The key aspect of this is that I did it right away—I didn’t allow there to be two competing implementations; I immediately made one generic solution. The next important aspect of this is that I didn’t make it too generic—the solution only supports WAV and MP3 and doesn’t expect other formats in any way.
Another part of this rule is that a developer should ideally never have to modify one part of the code in a similar or identical way to how they just modified a different part of it. They should not have to “remember” to update Class A when they update Class B. They should not have to know that if Constant X changes, you have to update File Y. In other words, it’s not just two implementations that are bad, but also two locations. It isn’t always possible to implement systems this way, but it’s something to strive for.

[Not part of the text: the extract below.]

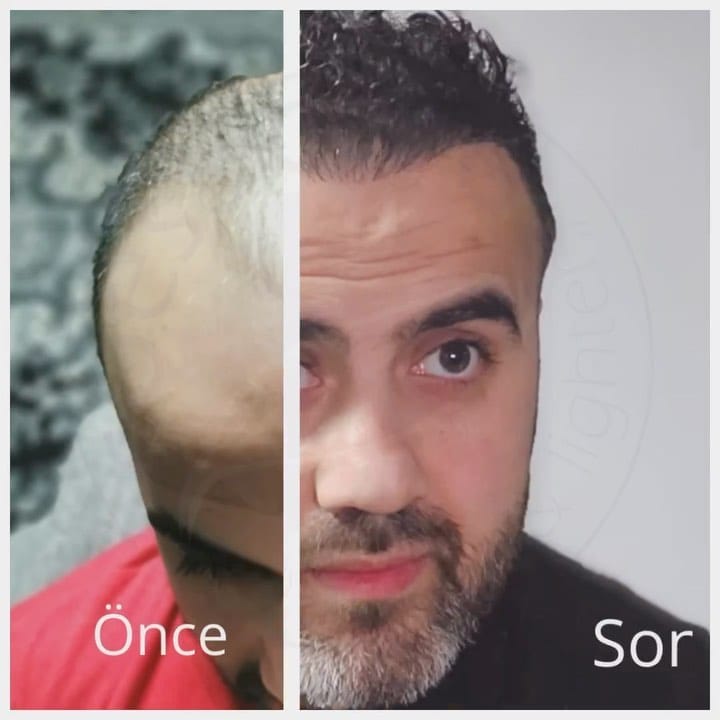 Post 5 by SOest Care on Instagram (video)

If you find yourself in a situation where you have to have two locations for something, make sure that the system fails loudly and visibly when they are not “in sync.” Compilation should fail, a test that always gets run should fail, etc. It should be impossible to let them get out of sync.
And of course, the simplest part of this rule is the classic “Don’t Repeat Yourself” principle—don’t have two constants that represent the same exact thing, don’t have two functions that do the same exact thing, etc.
There are likely other ways that this rule applies. The general idea is that when you want to have two implementations of a single concept, you should somehow make that into a single implementation instead.
When refactoring, this rule helps find things that could be improved and gives some guidance on how to go about it. When you see duplicate logic in the system, you should attempt to combine those two locations into one. Then if there is another location, combine that one into the new generic system, and proceed in that manner. That is, if there are many different implementations that need to be combined into one, you can do incremental refactoring by combining two implementations at a time, as long as combining them does actually make the system simpler (easier to understand and maintain). Sometimes you have to figure out the best order in which to combine them to make this most efficient, but if you can’t figure that out, don’t worry about it—just combine two at a time and usually you’ll wind up with a single good solution to all the problems.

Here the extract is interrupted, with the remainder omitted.